Disk storage is cheap nowadays, but given large numbers of users analyzing large amounts of data, BI teams will need to support expensive processing power. Even test data stored inefficiently may elongate development time. Although there are a number of ways of getting through big data, such as specialized indexing, parallel processing, and soon, each of these methods has shortcomings when supporting some types of queries. One of the more elegant approaches to this problem is to reduce the size of the data store itself. Sybase has done this through data management technology that is specifically designed for analysis and reporting.
Compliance with mandates like Sarbanes-Oxley and HIPAA is driving stored enterprise data growth to rates of up to 125 percent a year. Is there any way to reduce the volume of data in data warehouses?
One method of reducing the data loaded into data warehouses from transactional databases is to store only the data that has changed—a process called changed data capture or delta processing. There are several ways to do this effectively, including using Syncsort’s DMExpress to perform joins, or sort, merge, and summarize processes. In either case, the technique identifies which records are unchanged, updated or added, or deleted and obsolete, so that only changed or added records are updated. Unchanged or obsolete records are deleted rather than being loaded as duplicates.

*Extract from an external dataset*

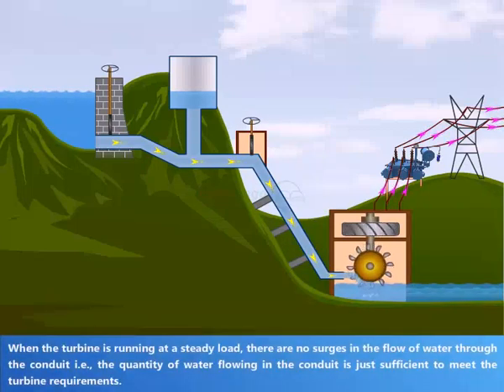When the turbine is running at a steady load, there are no surges in the flow of water through the conduit, i.e., the quantity of water flowing in the conduit is just sufficient to meet the turbine requirements.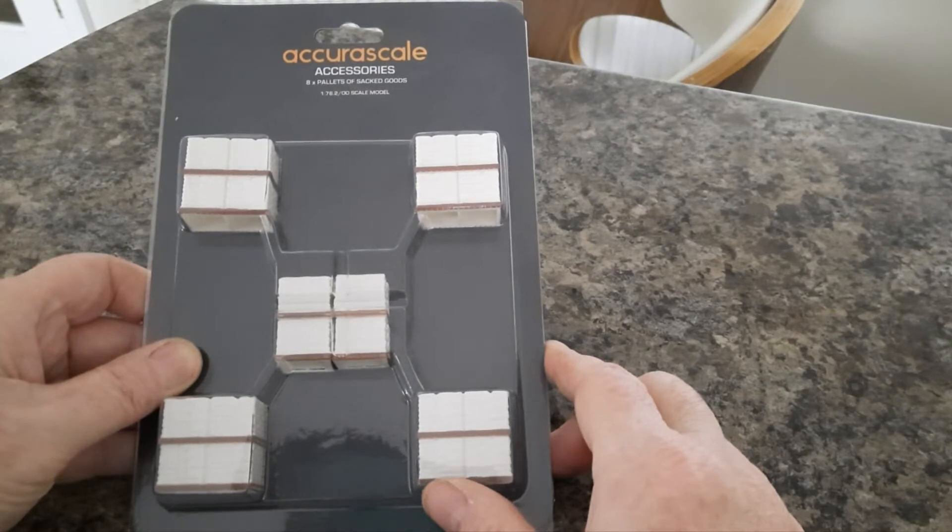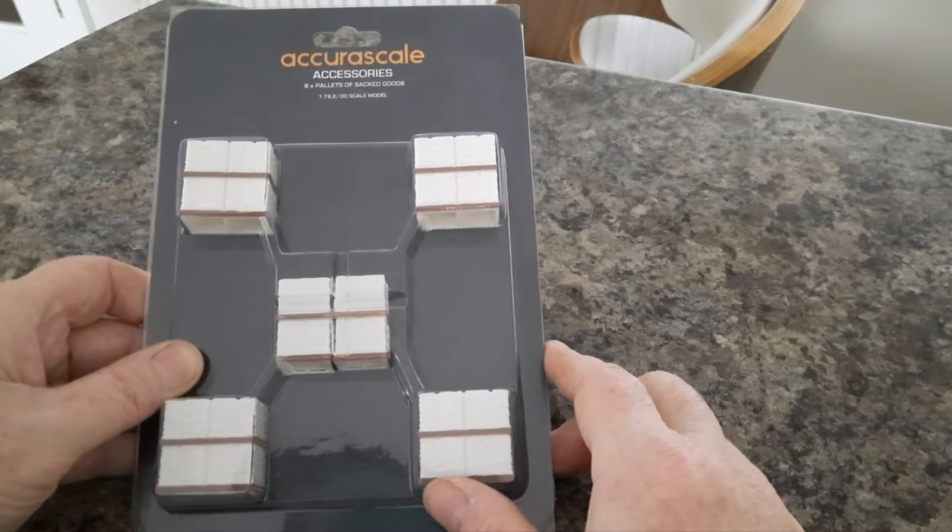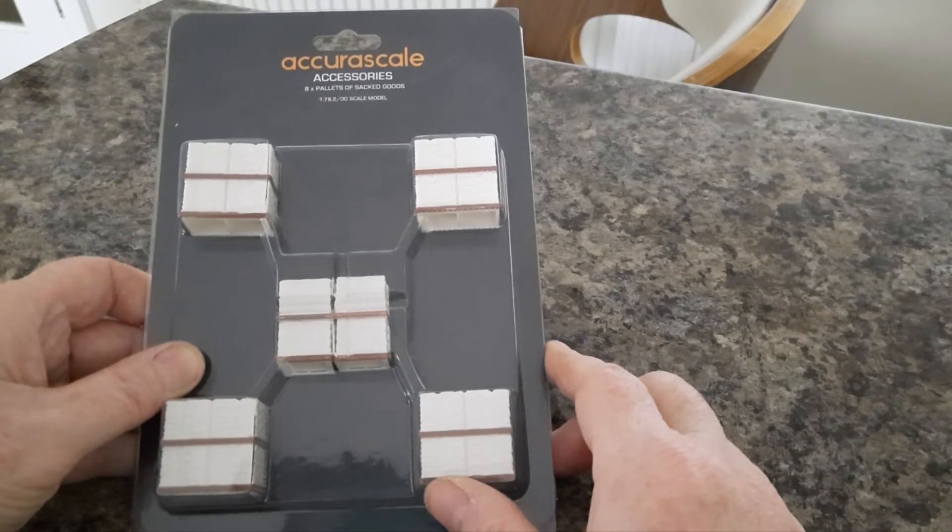You get four stacks and you get four single stacks, and the price is £8.95 Great British Pounds. That includes VAT, so if you're an overseas person you can get the VAT off, but it costs you for postage then.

A surprising number of data warehousing teams are still relying on periodic snapshot data collection.Often, 95 percent of this data has not changed from month to month. However, snapshot processing does miss changes that occur between snapshots, and these changes are becoming critical to compliance reporting. So now we have the prospect of storing more snapshots, with even more redundancy, in order to provide a view into critical changes in the data. At this point, many teams will reconsider their basic strategies and redesign their databases to handle critical changed data while avoiding loading redundant data time and time again.